[Opening INFORMATION SUPPLIED section]

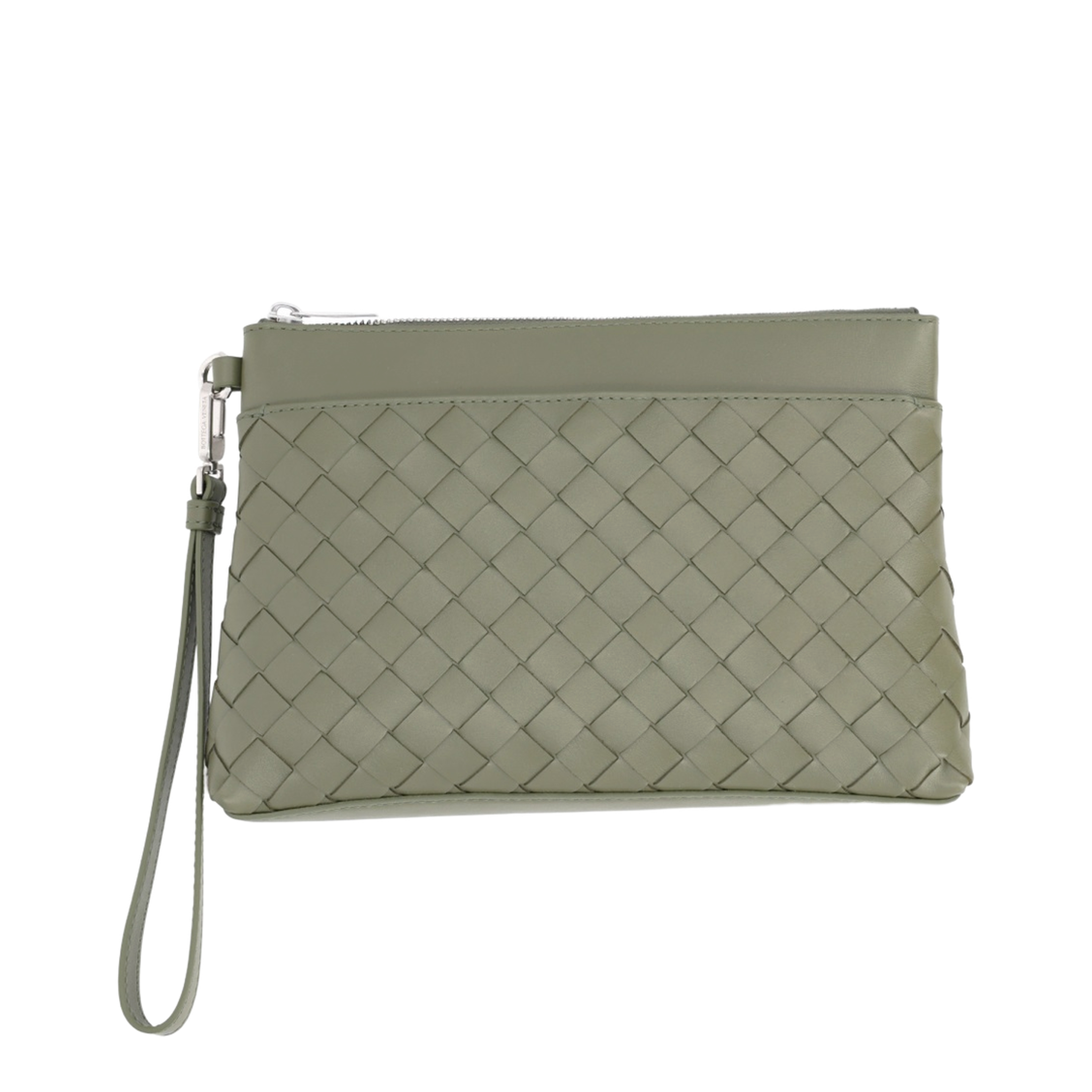 Intrecciato Prism Calfskin Pouch - Crocodile - Image 1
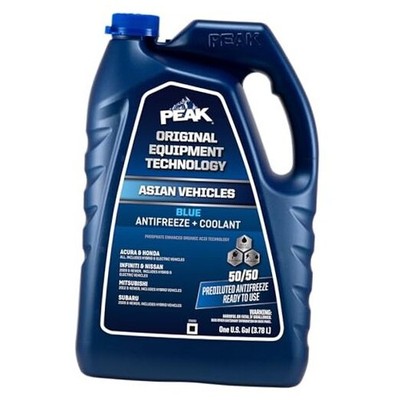  OET Extended Life Blue Prediluted Antifreeze/Coolant for Asian Vehicles, 50/50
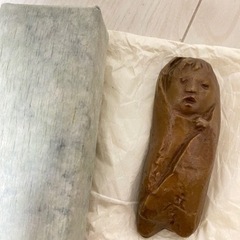 大西康彦ブロンズ彫刻「おくるみ」（8cm）の画像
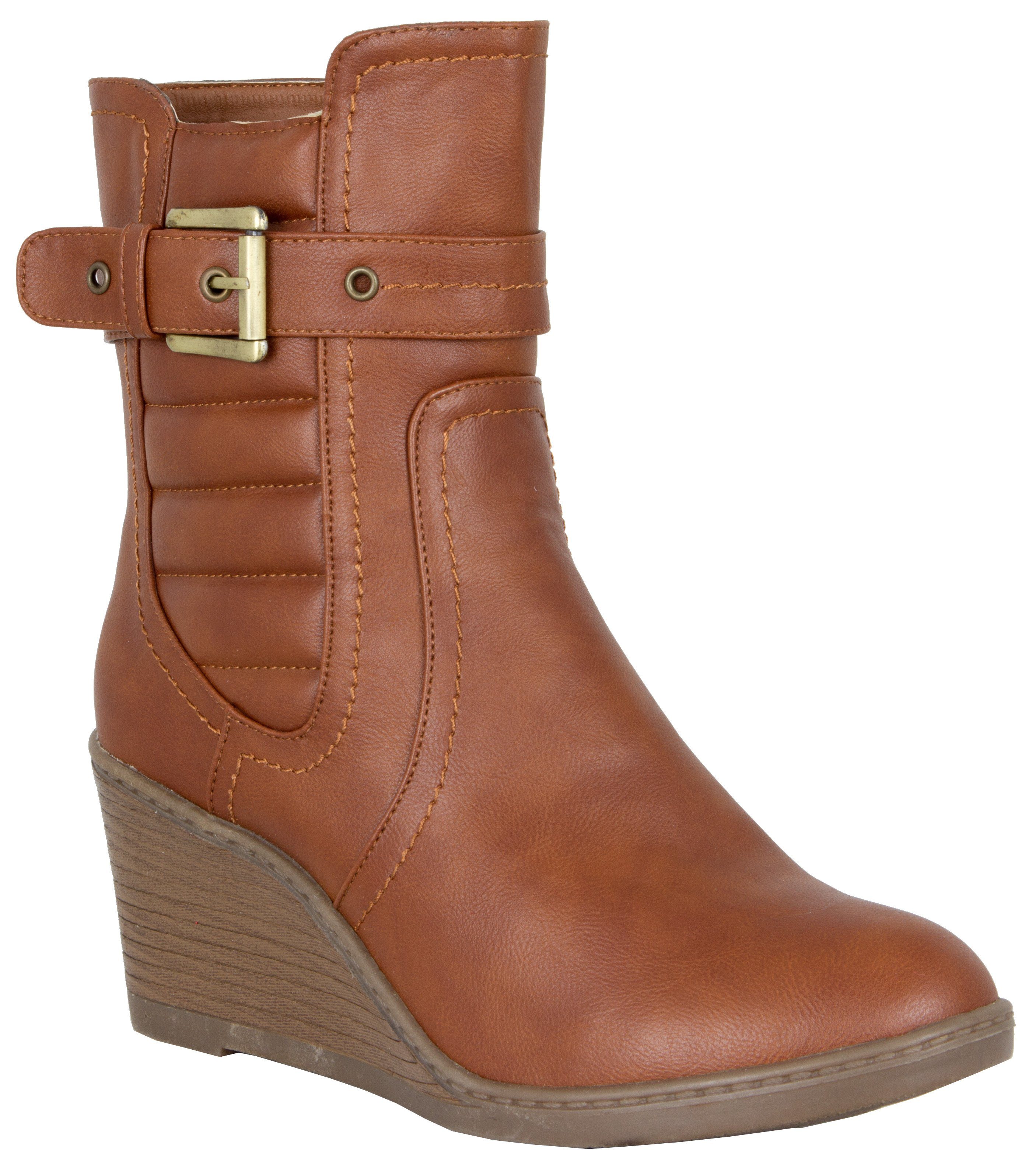 LOVENESS Damen Stiefel Winterstiefelette LN02 Winterstiefel günstig online kaufen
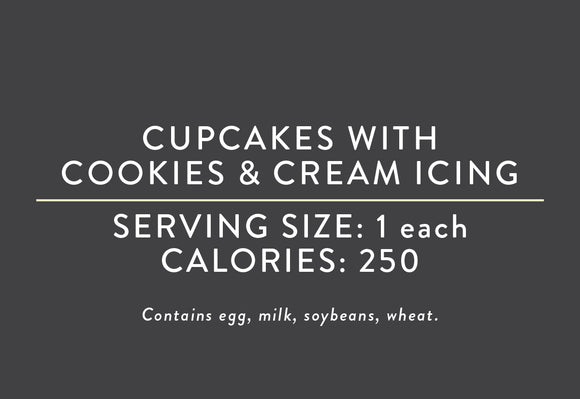 Cupcakes with Cookies & Cream Icing <BR>   (05/21/25 REV NUT)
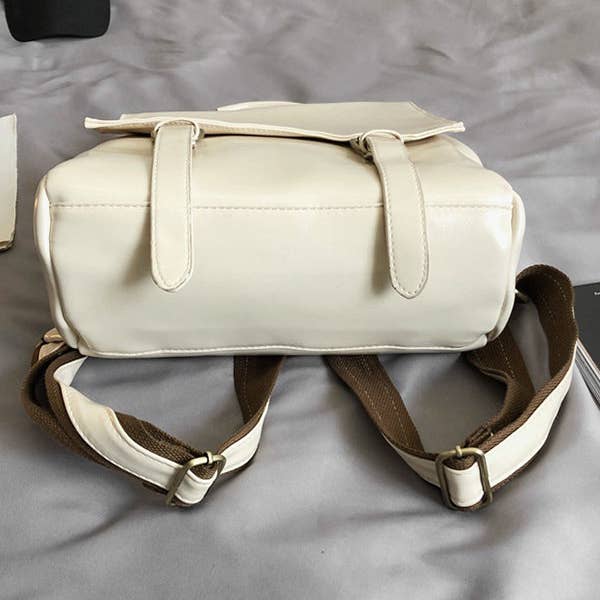 KK Bloom – Großhandel Rucksack – Damen – Einfacher einfarbiger Vintage-Rucksack9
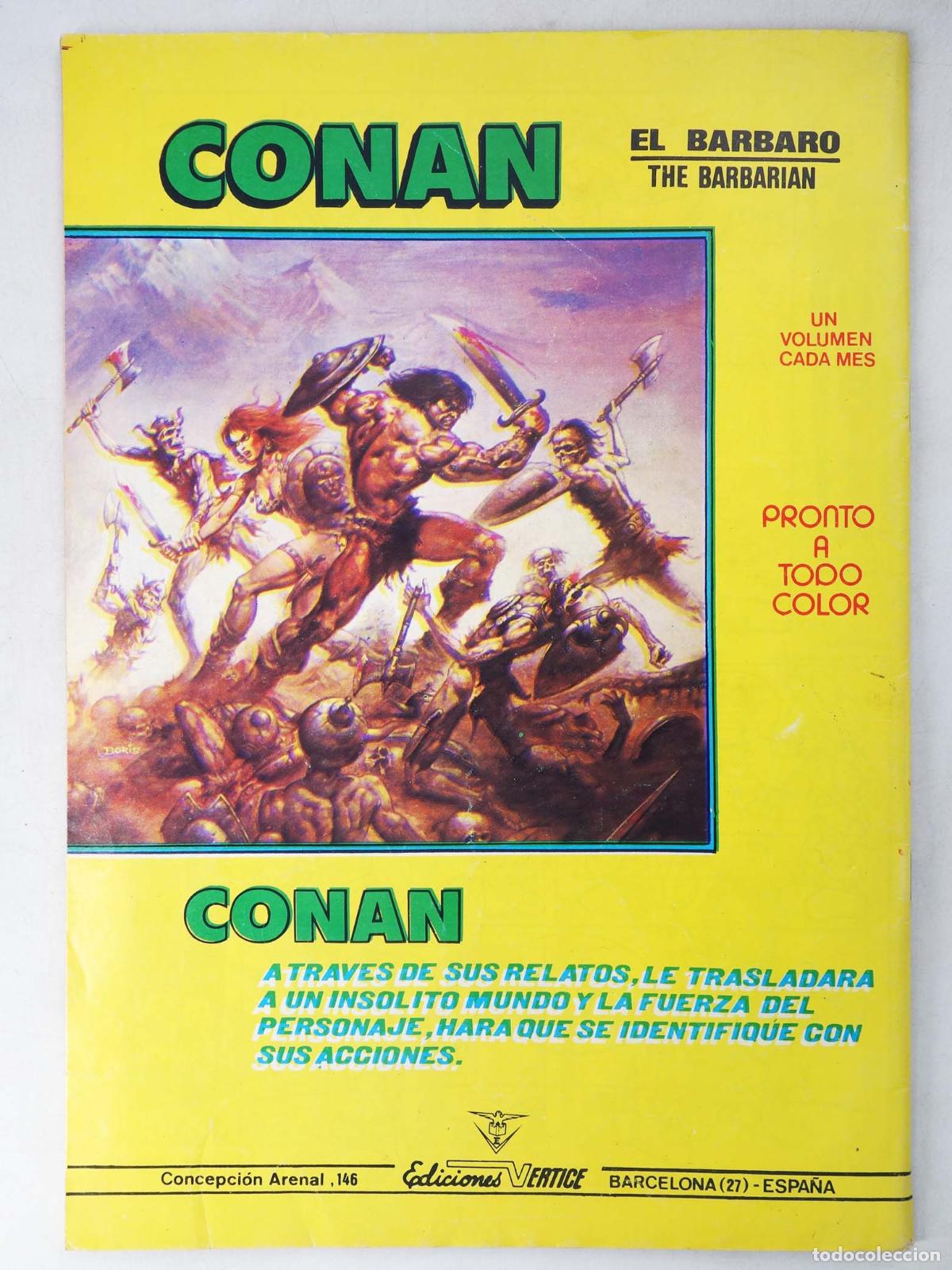 C&oacute;mics: CONAN, EL BARBARO VOL. 2 38. V&eacute;rtice, 1974 - Foto 2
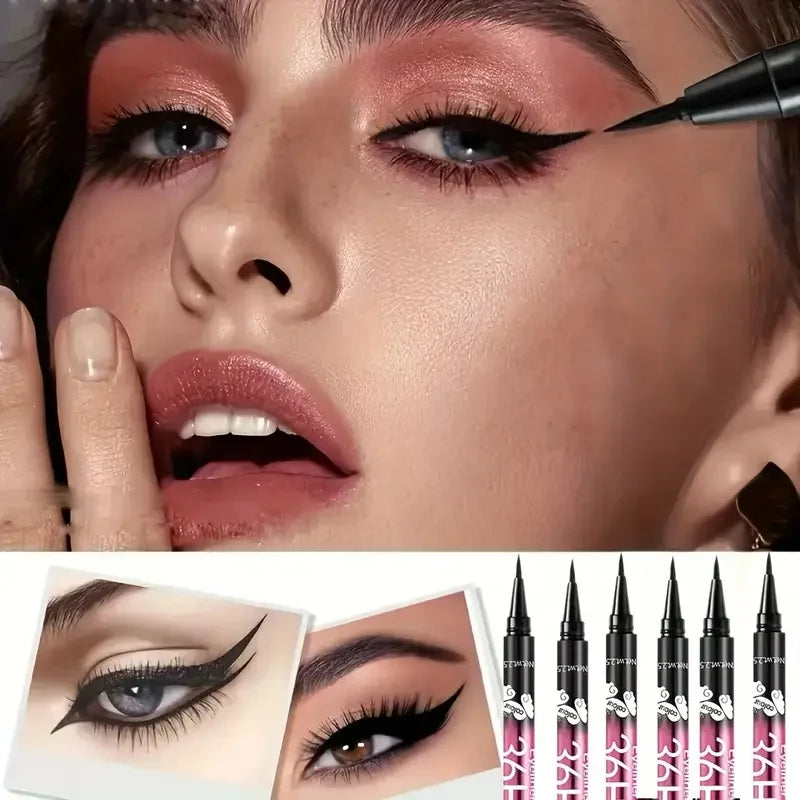 12 PCS Hot Make Up Ultimate Black Liquid Eyeliner Long-lasting Waterproof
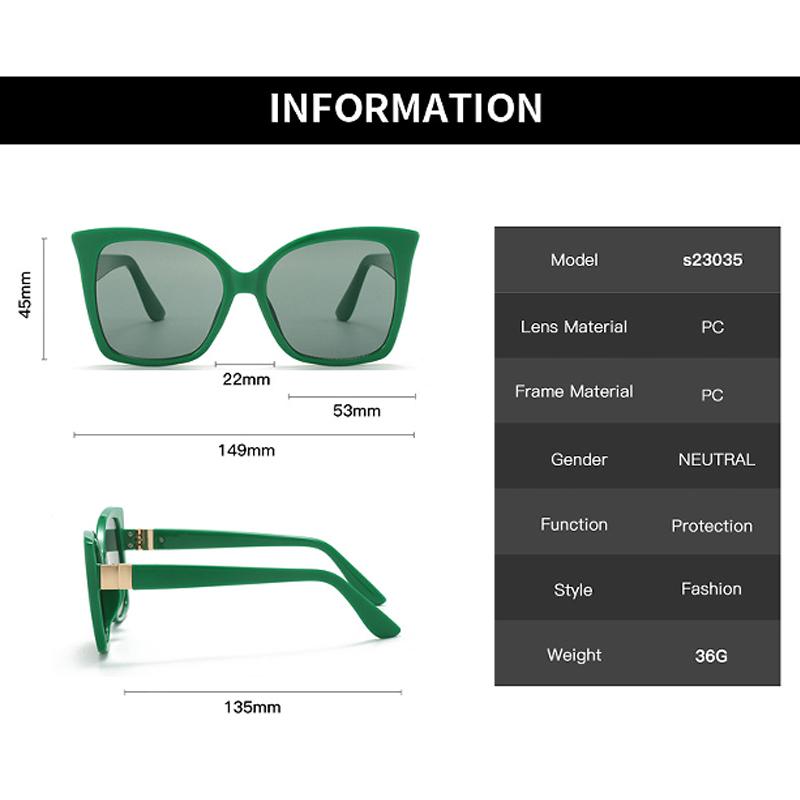 New Cat Eye High-end Sunglasses Slimming Trend Fashion Leopard Print Sunglasses UV Protection 23035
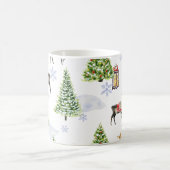 Rendier Kerstboom Patroon Koffiemok (Center)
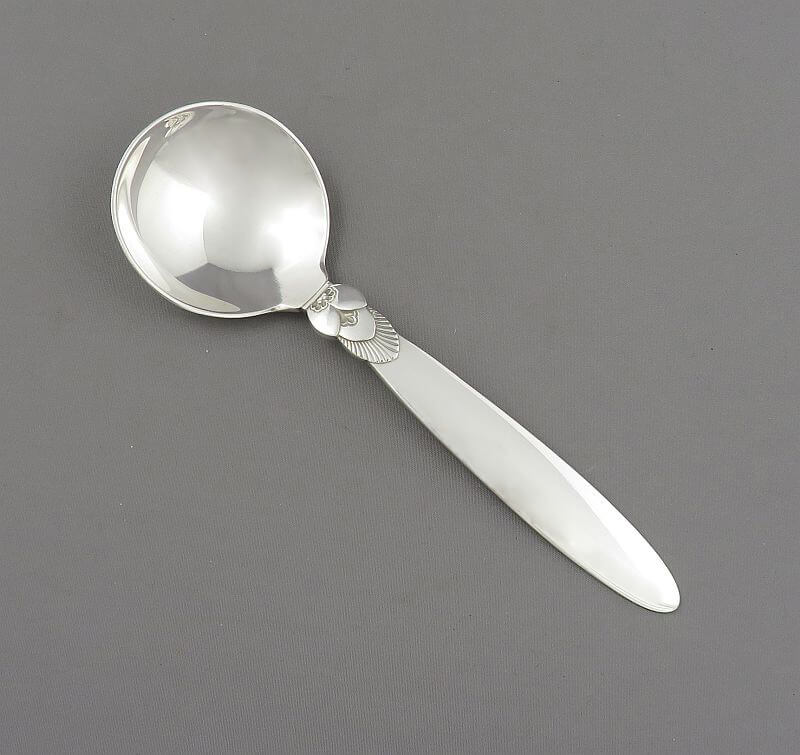 Georg Jensen Cactus Pattern Soup Spoon - JH Tee Antiques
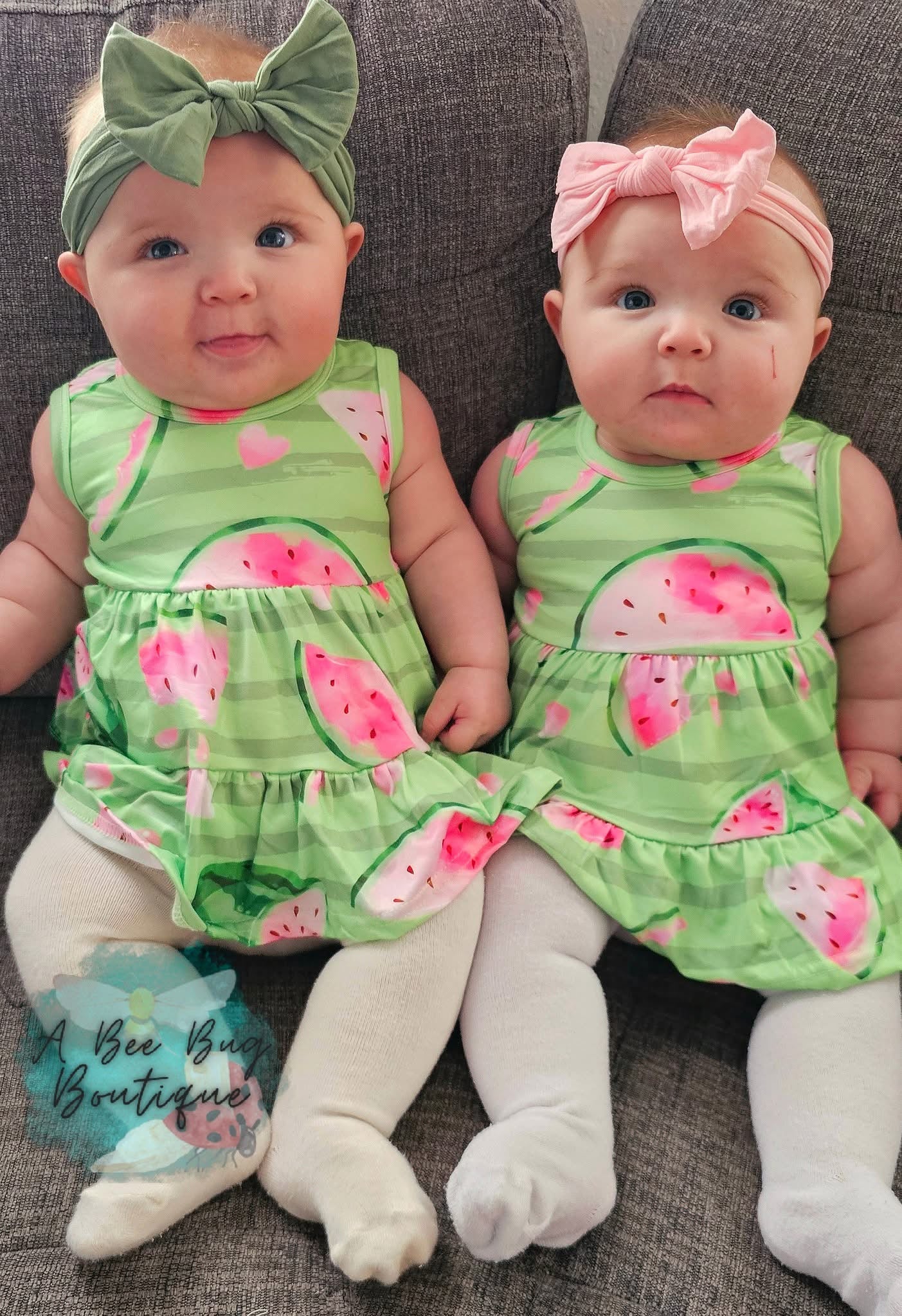 Watermelon Whirl Tiered Dress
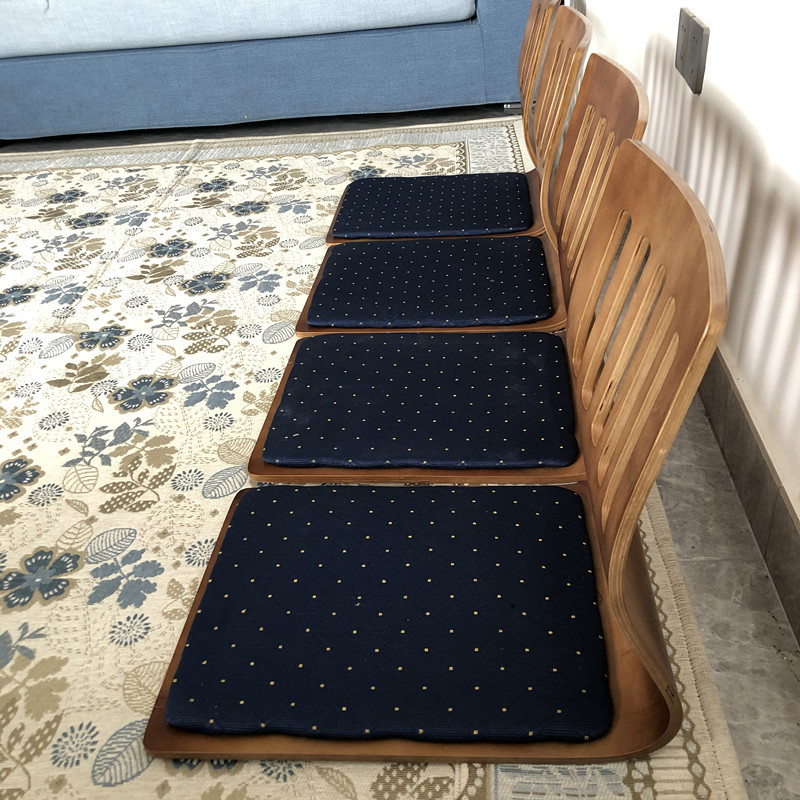 (4pcs/lot) Legless Chair Asia Style Japan Living Room Floor Seating Furniture Coffee Finish Tatami Zaisu Japanese Legless Chair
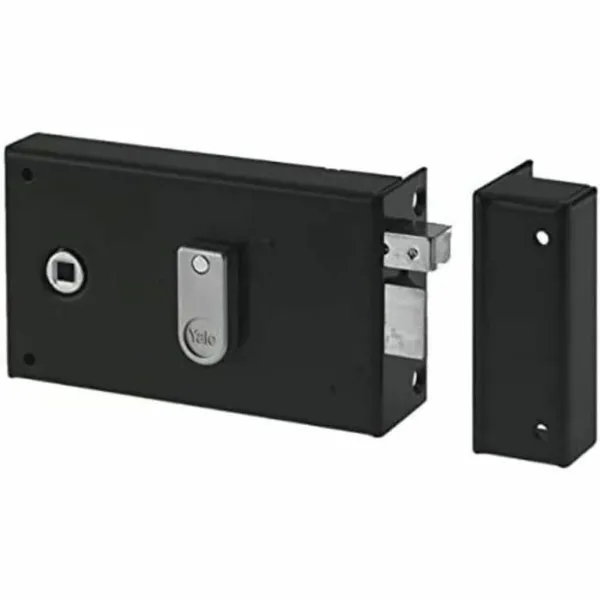 Bolt lock Yale 19 x 5 x 14 cm 19,5 x 7 x 14 cm Khaki Metal Stainless steel Doors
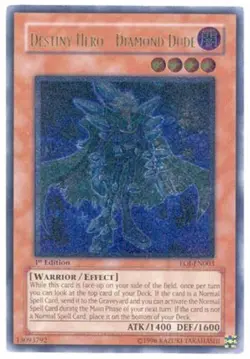 Yugioh! LP Destiny Hero - Diamond Dude - EOJ-EN003 - Ultimate Rare - 1st Edition - Image 1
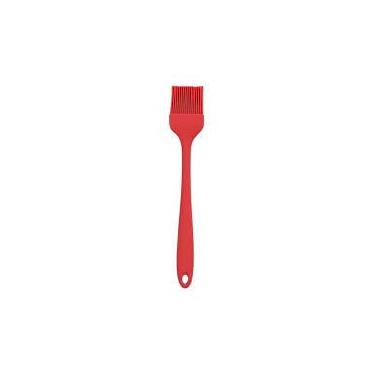Imagem de Pincel Culinário de Silicone, 25 cm, Vermelho, Resistente até 180°C, para Untar e Pincelar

[Closing INFORMATION SUPPLIED section]

● **WHAT YOU ARE ASKED TO DO**
Output only the lines above from the line that holds "Georg Jensen Cactus" through the line that holds "Yugioh! LP Destiny", both ends included, and exclude pictures.

● **RESPONSE**
 Georg Jensen Cactus Pattern Soup Spoon - JH Tee Antiques
 Watermelon Whirl Tiered Dress
 (4pcs/lot) Legless Chair Asia Style Japan Living Room Floor Seating Furniture Coffee Finish Tatami Zaisu Japanese Legless Chair
 Bolt lock Yale 19 x 5 x 14 cm 19,5 x 7 x 14 cm Khaki Metal Stainless steel Doors
 Yugioh! LP Destiny Hero - Diamond Dude - EOJ-EN003 - Ultimate Rare - 1st Edition - Image 1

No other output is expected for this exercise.